Cependant, Suraj Motur avoue que le film Capitaine Phillips – basé sur la prise d’otages, près des côtes somaliennes, du navire de la marine marchande américaine Maersk Alabama en 2009 –, qu’il a regardé il y a un mois sur l’insistance de son père, pousse à réfléchir. «Surtout si ça s’est déroulé comme dans le film, avec trois, quatre Somaliens dans une petite pirogue s’attaquant à un gros navire...»


 

Nouveau procès, nouvel acte d’accusation 

Après leur acquittement en novembre 2014, un nouveau procès est intenté, depuis le 24 février, aux 12 Somaliens accusés de piraterie en haute mer. Les juges Ah Foon Chui Yew Cheong et Asraf Caunhye ont trouvé, dans un jugement en appel rendu le 18 décembre dernier, que les magistrats de la cour intermédiaire ont failli à apprécier les preuves présentées par la poursuite lors du procès. Dans son appel, le DPP a avancé 18 raisons contre le verdict d’acquittement des 12 Somaliens. L’acte d’accusation a été modifié depuis : “On or about the 5th day of January in the year 2013, on the high seas, around 240 nautical miles off the Somali coast (…) willfully and unlawfully committed an act of piracy, to wit an illegal act of violence for private ends by the proof of a private ship directed against the MSC Jasmine, a Panama flag merchant vessel which was proceeding from Salah/Oman to Mombasa/Kenya.”

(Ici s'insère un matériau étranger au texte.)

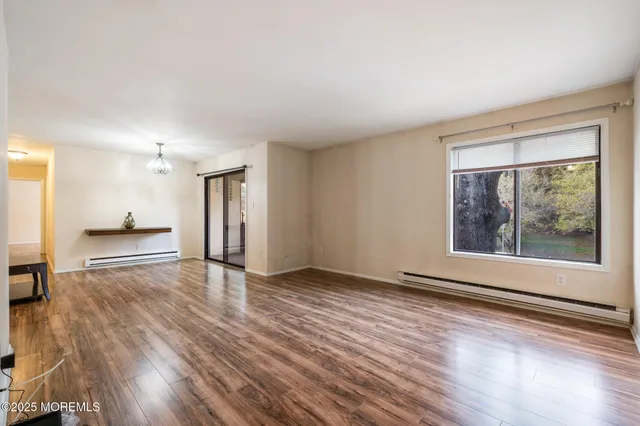 a view of an empty room with a window and wooden floor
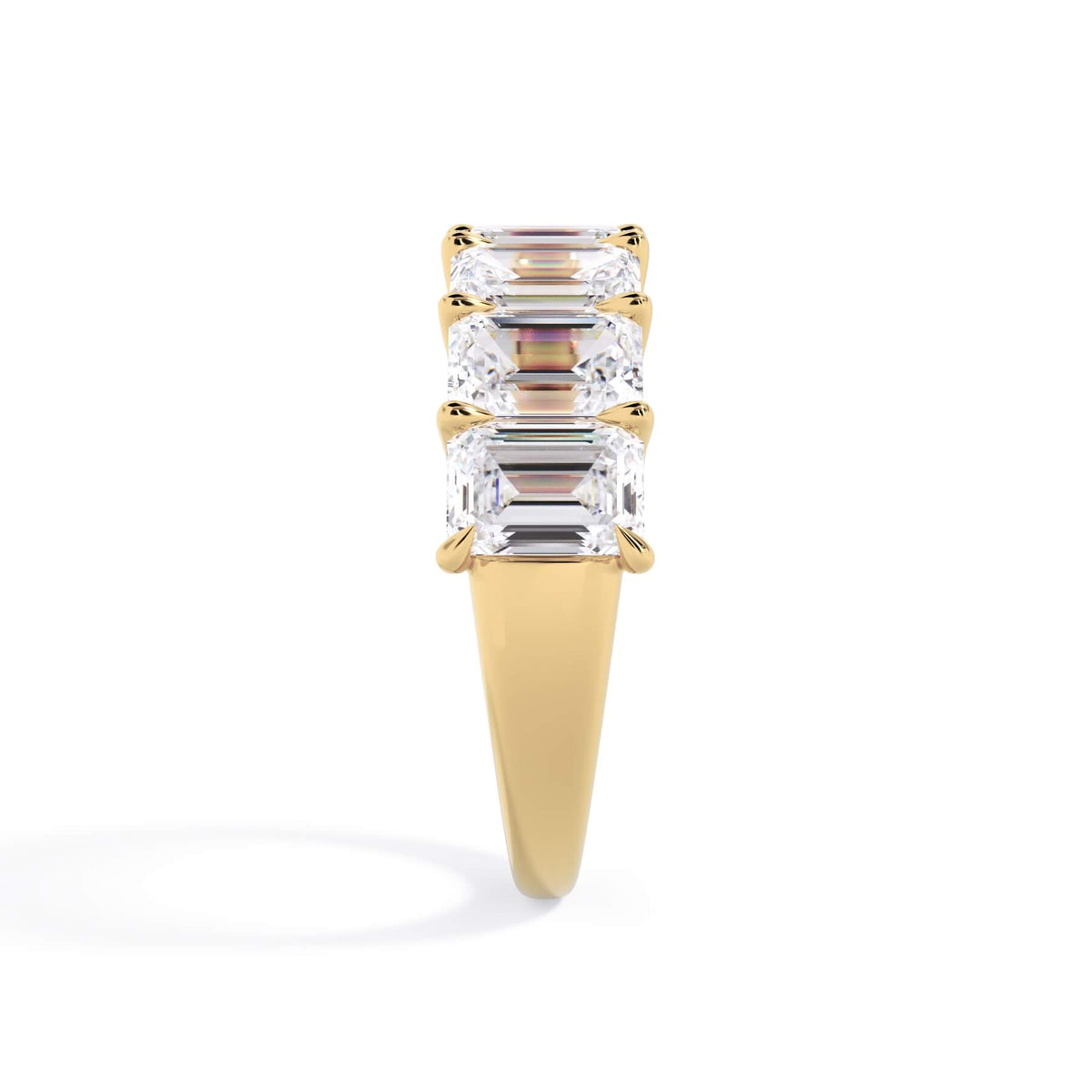 A picture of a seven stone diamond wedding ring with emerald cut diamonds that are U prong set in yellow gold on a white background with a side profile view.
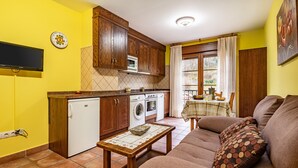 A compact kitchen with wooden cabinets, a built-in microwave, and a dining area with a table and chairs. - Apartment 'La Viña 7' – Perfect for Couples' Getaways (Corao)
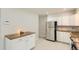 Modern kitchen with stainless steel appliances, white cabinets, granite countertops and light tile flooring at 5150 W Colgate Pl, Denver, CO 80236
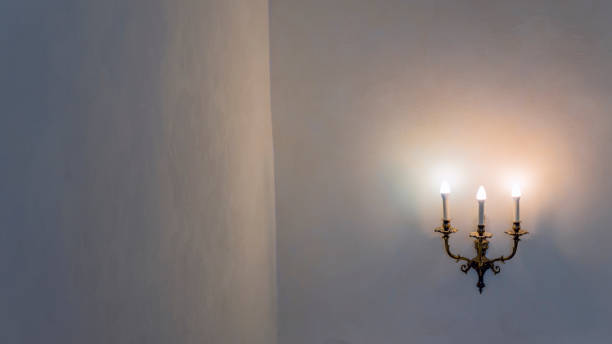 istock Vintage wall lamp. Space for text. Lamp light on the wall. Working lamps at dusk. 1406092949
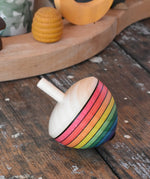 Mader Kreiselmanufaktur rainbow egg spinning top placed on a wooden surface in the Babipur playroom.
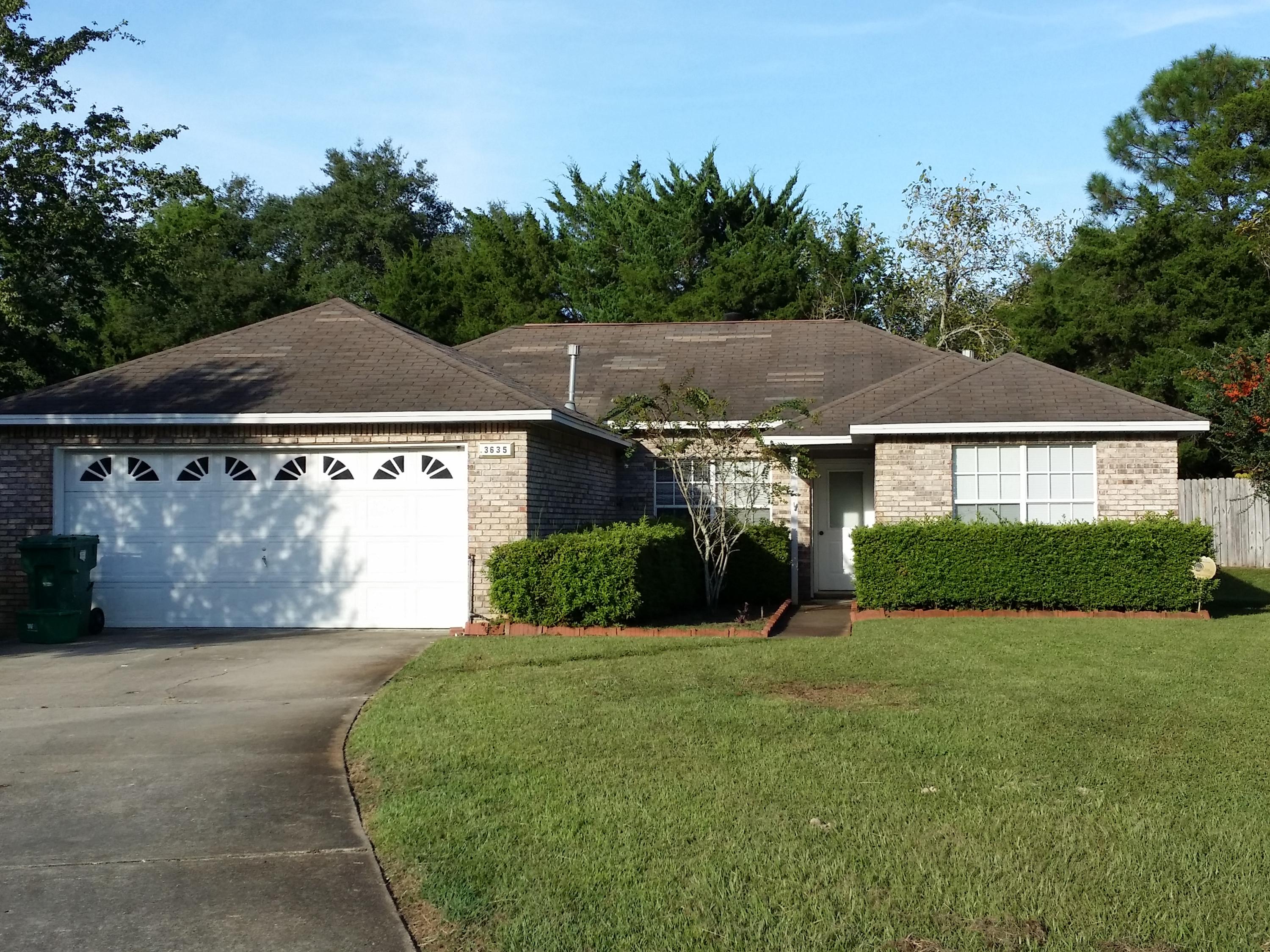 Unfurnished home centrally located in Destin; close to school as well as local shopping. Spacious living room with cozy fireplace. Kitchen equipped with appliances and gas stove. Master Bath contains beautiful double vanity and walk-in closet. Washer and dryer hookups included. Displays privacy fenced backyard, and a brand new open deck!Washer / dryer hookups.LAWN SERVICE INCLUDED. Pets allowed w/deposit. No Smoking.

C’est le 25 janvier 2013 que les 12 présumés pirates somaliens, âgés de 20 à 45 ans, ont débarqué à l’aéroport de Plaisance à bord d’un avion militaire français en provenance d’une base militaire de Djibouti. Plus tôt, le 5 janvier, ils avaient été arrêtés en haute mer, à quelques kilomètres de Mogadiscio, capitale de la Somalie, par un groupe de commandos américains, avant d’être confiés à l’équipage du navire français Le Surcouf, qui faisait route vers Djibouti. Ces présumés pirates sont accusés d’avoir, ce jour-là, attaqué le MSC Jasmine, à coups de feu, en haute mer, à bord d’un skiff.

Depuis, ils sont incarcérés à la prison de Beau-Bassin. Chaque jour, dès l’ouverture des cachots à 6 h 30 et ce jusqu’à la fermeture à 17 heures, les pirates somaliens s’adonnent aux cours d’anglais, à l’artisanat, à la couture, à la télé, la radio et aux jeux de société. Les responsables du pénitencier les décrivent comme des «détenus coopératifs et responsables». À l’exception de Teacher, du prêtre chaque vendredi et de leur avocat respectif, les Somaliens ne reçoivent aucune visite.